▸ **Exercise directions**: Pictures must not appear in your answer. Write out exactly the lines from the one with "冬の屋外サイクリングヘッドバンドメンズ暖かいフリース防風耳カ - Head" through the last line of the entries below.

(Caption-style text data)
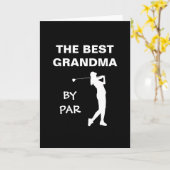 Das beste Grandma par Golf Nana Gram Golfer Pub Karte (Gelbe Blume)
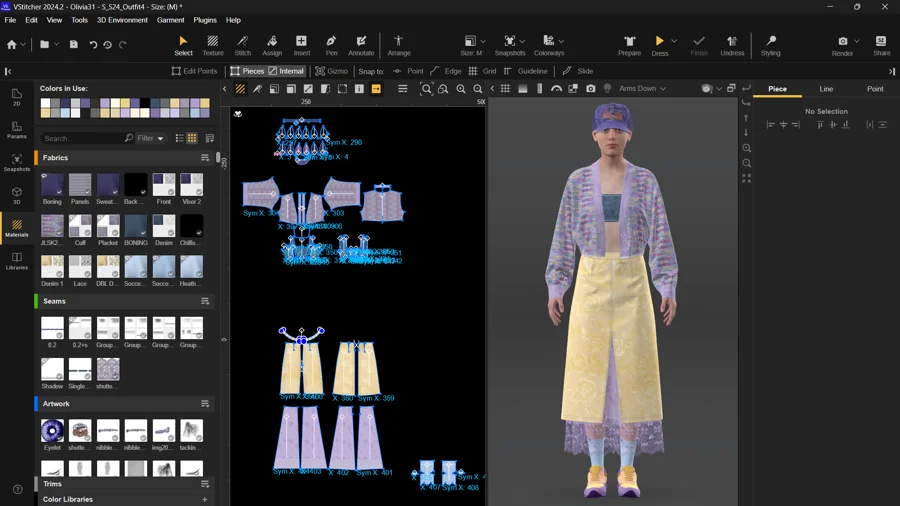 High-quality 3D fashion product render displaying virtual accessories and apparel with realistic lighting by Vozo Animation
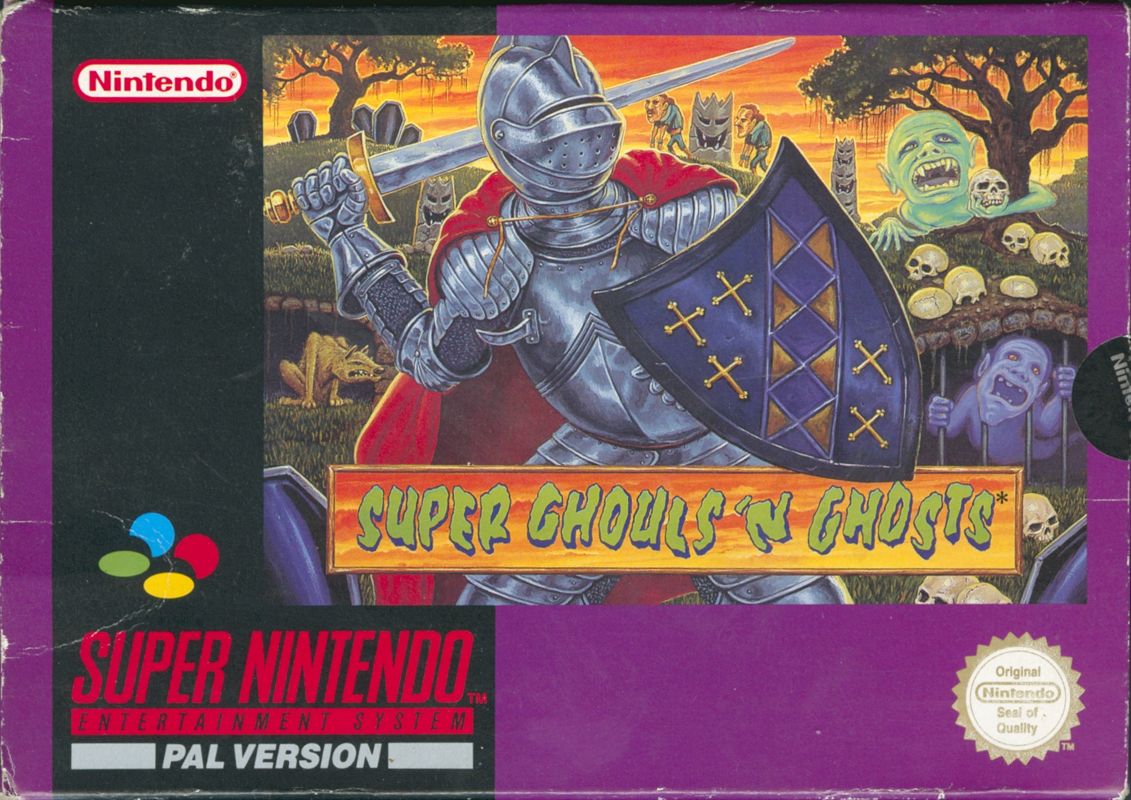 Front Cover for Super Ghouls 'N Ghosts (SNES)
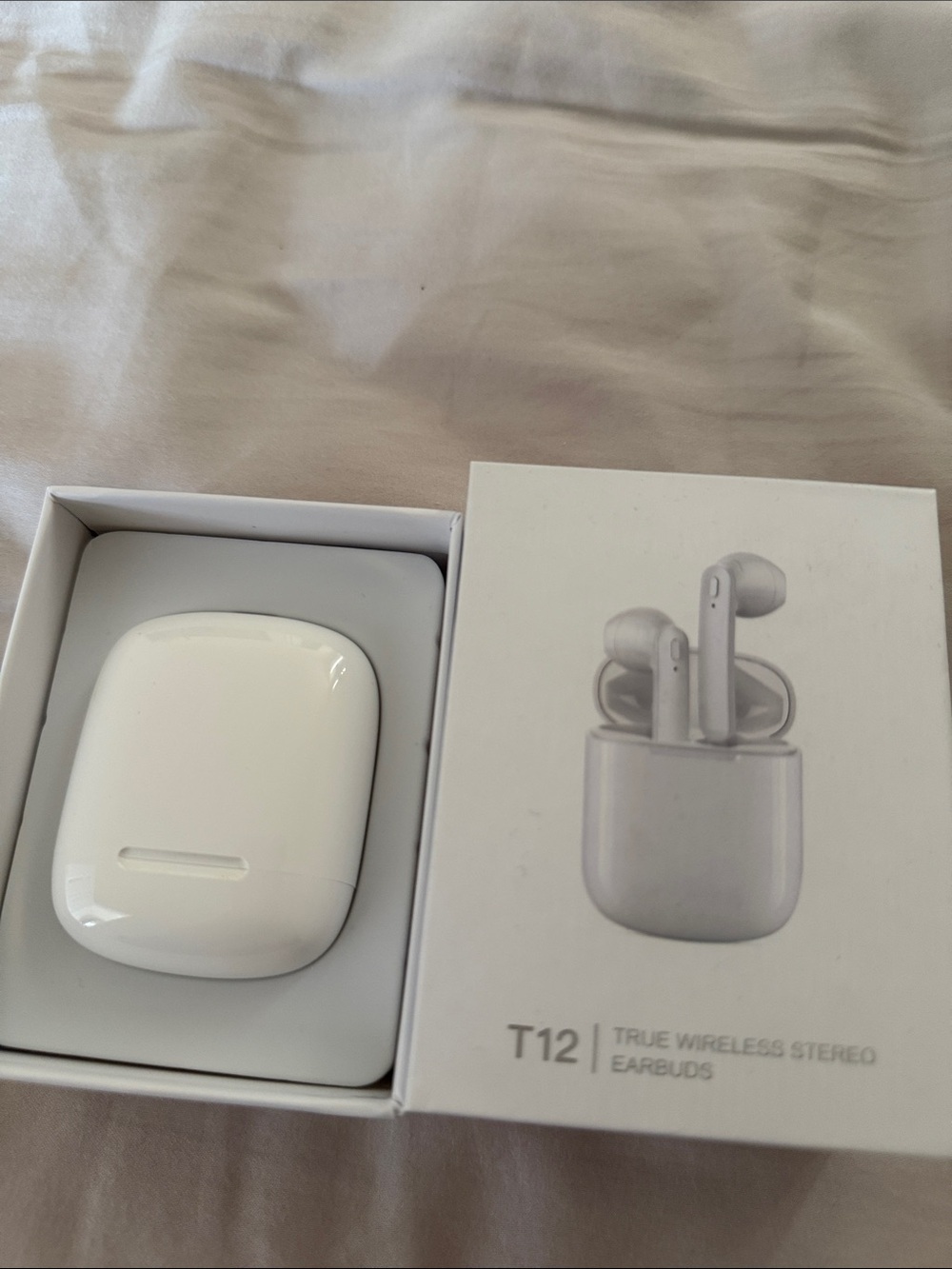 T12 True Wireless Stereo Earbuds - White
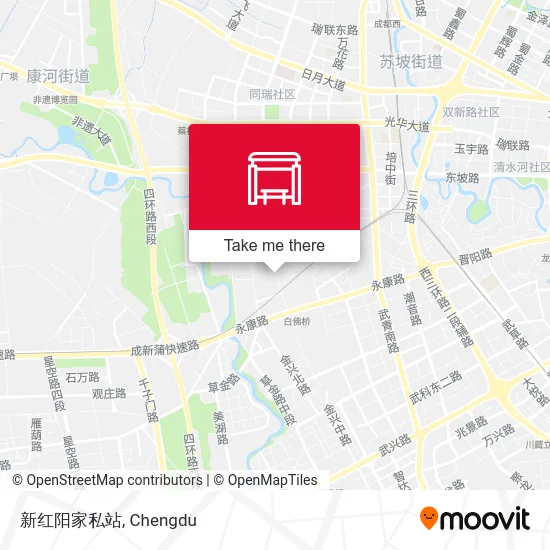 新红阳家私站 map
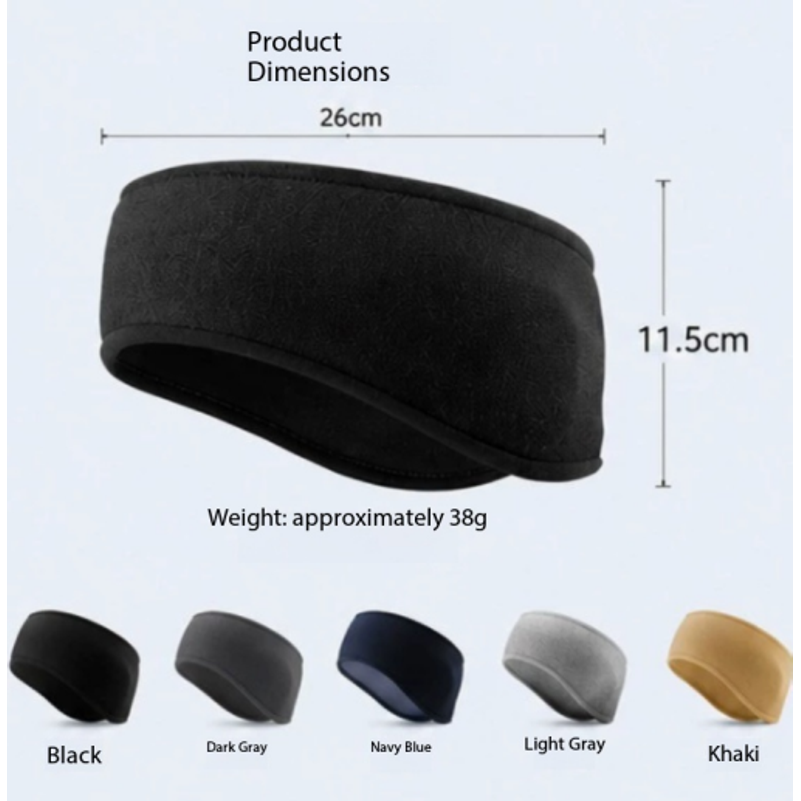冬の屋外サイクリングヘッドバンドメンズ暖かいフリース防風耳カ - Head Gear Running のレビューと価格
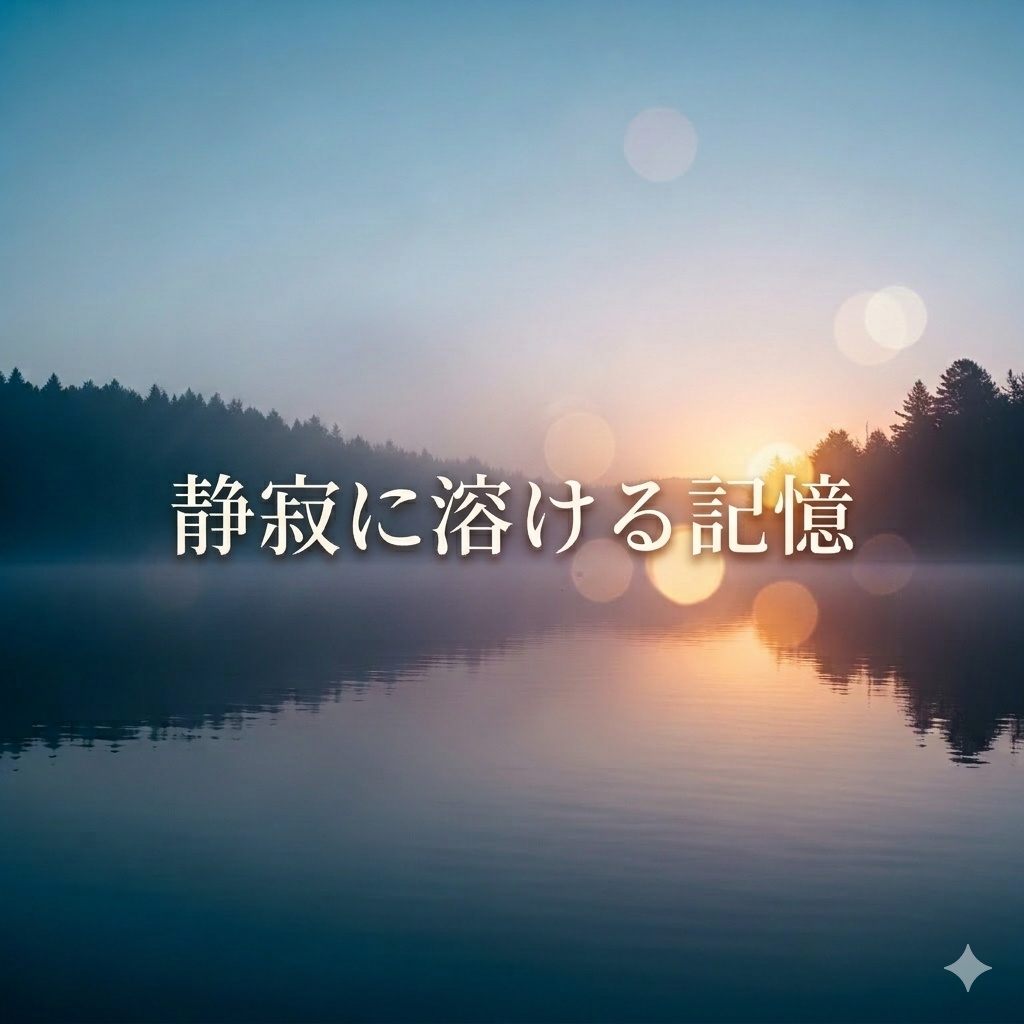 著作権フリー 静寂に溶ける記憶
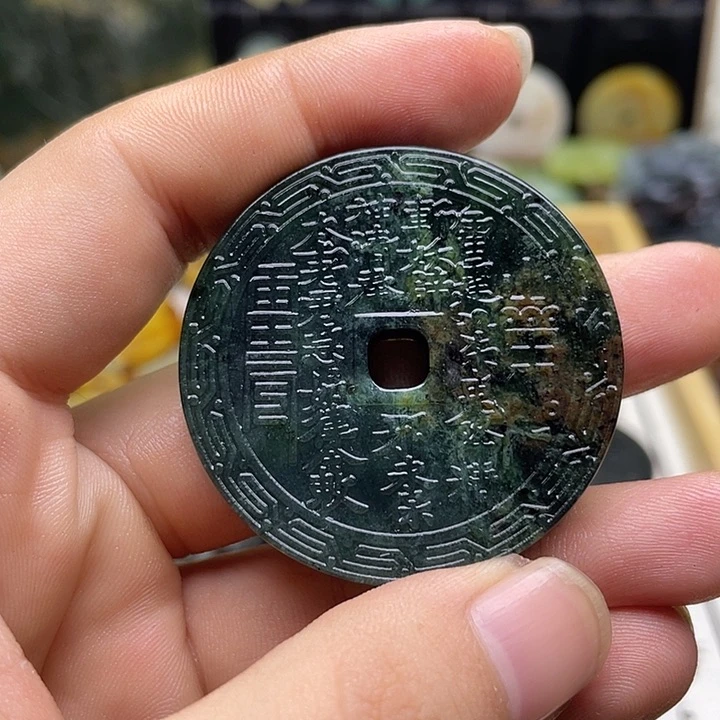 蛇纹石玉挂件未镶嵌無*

▸ **Exercise response**:
冬の屋外サイクリングヘッドバンドメンズ暖かいフリース防風耳カ - Head Gear Running のレビューと価格
 著作権フリー 静寂に溶ける記憶
 蛇纹石玉挂件未镶嵌無*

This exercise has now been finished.